填飽了肚子,安明知關了動畫片,帶小予陽去小院子裏蕩秋千曬太陽。院子裏的花圃被管家打理得很好,如今寒冬,卻沒有絲毫蕭條破敗之感,那些凋謝的薔薇,它們將在春天裏抽開新的枝椏。
春夏之交,花生長得太瘋了,安明知也會幫著打理,鄭峪章也會,這些花可都是他親手種下的呢!
大約是六七年前,那時候鄭予陽還沒出生,安明知也隻是偶爾才被司機接到別墅。他覺得院子裏空曠,太沒生機,跟鄭峪章提議種些什麼。鄭峪章聽完當即讓人買來了花種,自己親自動手,在下過雨的泥土裏種下一株株薔薇和月季。
男人衣袖挽高,彎腰紮在花種堆裏,額頭上汗珠滾動,弄得滿身泥沼。那時不過二十出頭的安明知還長得稚嫩,單純得天真,看著他的模樣被逗得哈哈笑。
這一笑可遭了秧,鄭峪章種完了花種,帶著渾身的汗味和泥土味,過來抱住他就親,按著他的腰恨不得將他壓在修剪整齊的草坪上野戰。安明知嚇得小臉發白,推開他時也臉上髒亂,滿身是泥。

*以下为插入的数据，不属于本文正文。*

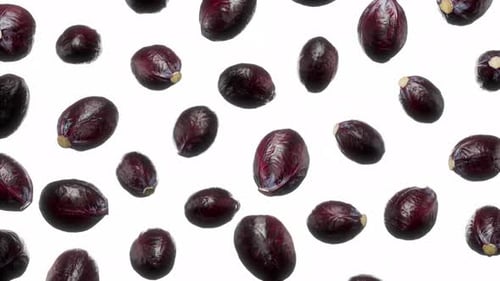 Rotating Red Cabbages Falling on White Background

老狐狸要洗澡,他便傻傻地給他洗。那時候他太嫩太單純,知道什麼呀。洗著洗著便擦了槍走了火。
鏡子裏的男孩青澀,懵懂,身體緊緊貼著牆壁,痛得雙腿打顫。
連站都站不穩了,男孩抖著肩膀服軟求饒,一聲一個鄭先生呀,喊得那叫個可憐。
鄭予陽坐在安明知懷裏蕩著秋千,大人的懷抱總是那麼暖和,安明知在他耳邊說了些什麼,小予陽還聽不太明白,卻咯咯笑著,拍手說好。

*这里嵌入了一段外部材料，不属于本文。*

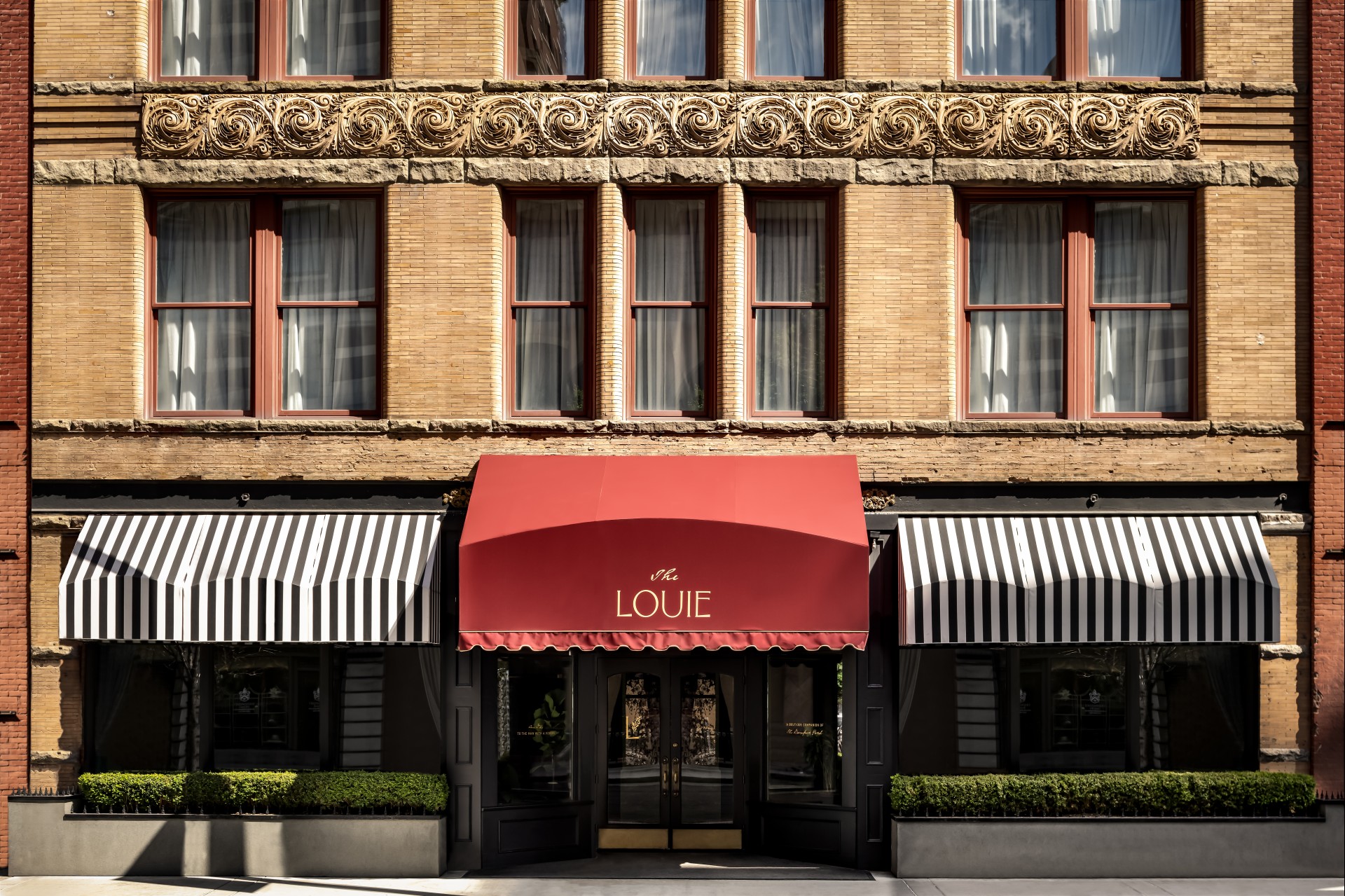 a building with a red awning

鄭峪章回來時看見的就是這一大一小,坐在秋千椅上蕩著笑著,好一副和諧溫馨的畫麵。小的肉嘟嘟的,笑起來眼睛眨巴眨巴,童聲如鈴,老遠都能聽得見。大的低頭莞爾輕笑著,溫柔文雅,院子裏陽光和煦,人也一樣。
“悄悄說什麼呢?也給我聽聽。”
鄭峪章大步跨進院子裏,臉上帶著些許沒散去的笑意,自己不曾察覺嘴角輕揚。
小予陽看見他爹,立刻撲騰起手臂,喊他:“爸爸!”
嘴上倒是喊得敞亮,可鄭峪章真去抱了,小家夥還不找他,偎在安明知的懷裏,在胸口蹭啊蹭的,把安明知新買的毛衣都蹭起球了。
安明知看見鄭峪章,身子都坐得更直了,“您回來了。”
鄭峪章本來挺高興,可兒子不給他抱,安明知還自己往槍口上撞,一口一個“您”的,把他臉上的高興勁都喊沒了。
於是鄭峪章陰沉著臉色,冷淡地抱過小兒子,問他,“這麼緊張幹什麼,不想讓我回來?”
安明知連連搖頭,說沒。
他哪敢啊。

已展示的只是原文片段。